You might wonder where the 0.13 and 0.17 come from. Using US Open matches as the measuring stick, these numbers are 1.5 standard deviations from the mean differences between the players, so we are only capturing relatively rare matches with COM. I tried it with 2 SDs, but the list was far too thin.
Here’s an example from the first round US Open match between Simona Halep and Kaia Kanepi, since most of us saw at least some part of that match and know there wasn’t much Halep could do in that match. The score alone (6-2 6-4) gives us some indication of Kanepi’s level, and the dominance ratio was 1.36. Halep won 47 out of 107 points, not that much different than in the Stosur example. Unlike Stosur, she made only 9 UEs and Kanepi made 28.
Halep’s number via the formula above is (1-(28/47)) - (9/107) = .320
Kanepi’s number via the formula above is (1-(9/60) - (28/107) = .588
Then, .588 - .320 = .268 (greater than .17), so Kanepi gets a Command of Match (COM) award.
Going back to our concept with the first part of the formula, Halep’s points won were largely because of bad things Kanepi was doing, with Halep controlling only 40% of those points. She didn’t hurt herself with errors obviously. And because of that, only 15% of Kanepi’s successful points were due to her opponent’s mistakes.
Bottom line: Kanepi controlled the action in the match, to such a degree that even her significant number of errors, and Halep’s lack of errors, could not stop her.
This is not scientific, so let’s get that out of the way. I haven’t tested it on gobs and gobs of data.
Also, only 13 hours have passed since I first thought of the idea (and 7 of them were spent sleeping), so I reserve the right to make adjustments (or even scrap LOS and COM altogether).
I initially see three issues with LOS and COM:
1. UEs are not official statistics of the ATP and the WTA. They are typically recorded for the grand slams, although I noticed the IBM Slamtracker didn’t bother with many lower profile matches at the US Open. Only 178 of the 254 US Open main draw matches had meaningful UE statistics. In the other 76 matches, IBM Slamtracker reported UEs, but they are clearly understated by vast amounts, so I’m not sure why they even list them (or winners). For example, Andrey Rublev had only 5 winners and 13 unforced errors in a four set match, while his opponent Jeremy Chardy also had only 13 UEs? High-risk player Nikoloz Basilashvili had only 7 UEs in a five set match against Aljaz Bedene? I don’t think so.
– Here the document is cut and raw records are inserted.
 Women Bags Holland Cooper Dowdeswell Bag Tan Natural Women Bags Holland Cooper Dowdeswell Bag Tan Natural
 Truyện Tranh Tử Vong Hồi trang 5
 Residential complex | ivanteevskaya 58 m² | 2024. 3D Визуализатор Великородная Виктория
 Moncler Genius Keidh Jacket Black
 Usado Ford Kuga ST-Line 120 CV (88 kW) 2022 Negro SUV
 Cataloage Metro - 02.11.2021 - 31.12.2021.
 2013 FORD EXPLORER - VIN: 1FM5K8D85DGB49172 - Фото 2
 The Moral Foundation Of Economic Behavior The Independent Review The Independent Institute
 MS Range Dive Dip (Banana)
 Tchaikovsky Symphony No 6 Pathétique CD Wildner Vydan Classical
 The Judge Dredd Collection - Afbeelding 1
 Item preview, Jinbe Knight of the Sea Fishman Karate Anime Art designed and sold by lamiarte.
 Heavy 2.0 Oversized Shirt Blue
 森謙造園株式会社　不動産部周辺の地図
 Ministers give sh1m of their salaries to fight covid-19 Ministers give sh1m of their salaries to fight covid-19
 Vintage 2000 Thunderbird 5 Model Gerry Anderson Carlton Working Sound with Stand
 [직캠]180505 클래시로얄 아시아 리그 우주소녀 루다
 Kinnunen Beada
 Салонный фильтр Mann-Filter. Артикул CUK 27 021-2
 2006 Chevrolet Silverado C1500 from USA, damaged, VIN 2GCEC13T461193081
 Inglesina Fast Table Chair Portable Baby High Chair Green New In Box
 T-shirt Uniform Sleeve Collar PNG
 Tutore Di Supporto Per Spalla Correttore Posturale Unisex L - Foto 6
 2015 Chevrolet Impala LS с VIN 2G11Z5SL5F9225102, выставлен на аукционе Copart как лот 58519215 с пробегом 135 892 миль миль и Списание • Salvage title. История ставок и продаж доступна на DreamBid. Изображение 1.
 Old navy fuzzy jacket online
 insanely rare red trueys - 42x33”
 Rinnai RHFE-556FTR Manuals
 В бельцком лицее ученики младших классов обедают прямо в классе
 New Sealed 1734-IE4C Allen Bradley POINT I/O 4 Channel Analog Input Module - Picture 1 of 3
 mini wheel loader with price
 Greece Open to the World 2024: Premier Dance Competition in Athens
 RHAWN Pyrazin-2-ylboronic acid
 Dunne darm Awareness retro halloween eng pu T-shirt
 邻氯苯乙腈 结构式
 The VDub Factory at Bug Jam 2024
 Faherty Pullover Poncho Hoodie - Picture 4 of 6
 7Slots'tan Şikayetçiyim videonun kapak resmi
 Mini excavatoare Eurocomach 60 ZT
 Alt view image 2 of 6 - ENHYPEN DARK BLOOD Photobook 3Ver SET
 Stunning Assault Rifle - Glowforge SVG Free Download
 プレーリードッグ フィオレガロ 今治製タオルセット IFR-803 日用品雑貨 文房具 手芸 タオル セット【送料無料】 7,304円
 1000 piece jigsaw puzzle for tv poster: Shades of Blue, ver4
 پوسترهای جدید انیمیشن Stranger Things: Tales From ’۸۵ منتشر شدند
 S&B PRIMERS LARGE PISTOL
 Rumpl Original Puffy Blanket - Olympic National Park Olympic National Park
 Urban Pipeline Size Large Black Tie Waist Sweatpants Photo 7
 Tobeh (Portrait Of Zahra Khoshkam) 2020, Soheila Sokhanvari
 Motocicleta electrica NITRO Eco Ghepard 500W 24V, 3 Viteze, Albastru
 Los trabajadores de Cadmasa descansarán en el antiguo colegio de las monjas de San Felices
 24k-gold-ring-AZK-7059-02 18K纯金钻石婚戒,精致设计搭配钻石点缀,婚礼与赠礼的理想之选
So, LOS and COM are good for only Grand Slams, matches that have been charted, or matches you are watching on TV that flash the summary numbers at the end of sets or matches. I don’t feel too badly about this.
2. UEs are extremely subjective. Anyone who has charted a match and then seen the on-screen statistics from the TV broadcast knows the number of differences in judgment that can arise as to whether a player should have made the shot or not. Hopefully some of that is taken care of by the 10% buffer in the LOS calculation and the 1.5 standard deviation buffer in the COM calculation.
3. Aggressive players are far more likely to get a LOS or COM than steady players. It’s not necessarily a bad thing in and of itself, so long as no one says “Wozniacki has 0 COMs in 2018″ (if in fact she does have zero) and uses that as a stick to bash her with.
As a corollary, recognize that aggressiveness is just one way to measure who had control of the match. Steady play with few errors is arguably just as valid a way to keep the match on your own racquet, though it is a lot more subtle. Perhaps a player should get automatically get a COM if his or her opponent gets a LOS, but I’m not yet convinced that’s the right approach as it presumes the LOS players errors were mostly attributable to the steadiness of the opponent.
Since this one is so long, I’ll do another post with the list of LOS and COM awards from this year’s US Open.